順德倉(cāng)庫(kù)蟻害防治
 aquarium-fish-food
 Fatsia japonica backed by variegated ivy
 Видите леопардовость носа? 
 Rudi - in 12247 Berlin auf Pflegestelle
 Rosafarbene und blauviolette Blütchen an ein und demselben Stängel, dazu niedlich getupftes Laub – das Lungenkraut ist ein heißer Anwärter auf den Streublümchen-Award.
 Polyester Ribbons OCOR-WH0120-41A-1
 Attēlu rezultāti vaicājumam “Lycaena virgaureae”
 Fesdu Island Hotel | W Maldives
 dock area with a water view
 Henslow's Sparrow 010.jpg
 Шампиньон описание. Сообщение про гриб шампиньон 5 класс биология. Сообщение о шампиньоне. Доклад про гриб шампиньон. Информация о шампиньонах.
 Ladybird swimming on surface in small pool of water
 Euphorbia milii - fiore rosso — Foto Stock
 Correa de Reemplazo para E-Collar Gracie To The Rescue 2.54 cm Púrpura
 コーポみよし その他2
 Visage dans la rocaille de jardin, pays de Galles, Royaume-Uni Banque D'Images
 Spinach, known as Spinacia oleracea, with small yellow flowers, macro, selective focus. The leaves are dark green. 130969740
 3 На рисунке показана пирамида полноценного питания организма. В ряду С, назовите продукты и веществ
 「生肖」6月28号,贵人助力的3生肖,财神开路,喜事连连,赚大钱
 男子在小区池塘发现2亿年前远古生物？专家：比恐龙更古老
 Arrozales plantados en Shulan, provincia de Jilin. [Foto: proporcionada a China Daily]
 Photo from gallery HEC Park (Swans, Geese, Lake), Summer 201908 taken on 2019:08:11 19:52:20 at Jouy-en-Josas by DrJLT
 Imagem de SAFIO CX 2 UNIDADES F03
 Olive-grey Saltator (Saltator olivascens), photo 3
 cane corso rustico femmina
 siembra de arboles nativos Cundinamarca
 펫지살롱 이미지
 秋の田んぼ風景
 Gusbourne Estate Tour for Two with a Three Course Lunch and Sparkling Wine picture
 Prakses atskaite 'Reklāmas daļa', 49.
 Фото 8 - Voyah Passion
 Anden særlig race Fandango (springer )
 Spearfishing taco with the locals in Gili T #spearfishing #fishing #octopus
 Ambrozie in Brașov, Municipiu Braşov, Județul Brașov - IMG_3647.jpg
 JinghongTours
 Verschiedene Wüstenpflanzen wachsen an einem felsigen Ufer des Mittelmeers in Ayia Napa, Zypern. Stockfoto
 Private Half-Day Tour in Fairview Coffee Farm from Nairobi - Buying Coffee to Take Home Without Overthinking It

——

= Task requirements =
Scan the records above and report every line with the string "small".

= Written reply =
 Ladybird swimming on surface in small pool of water
 Spinach, known as Spinacia oleracea, with small yellow flowers, macro, selective focus. The leaves are dark green. 130969740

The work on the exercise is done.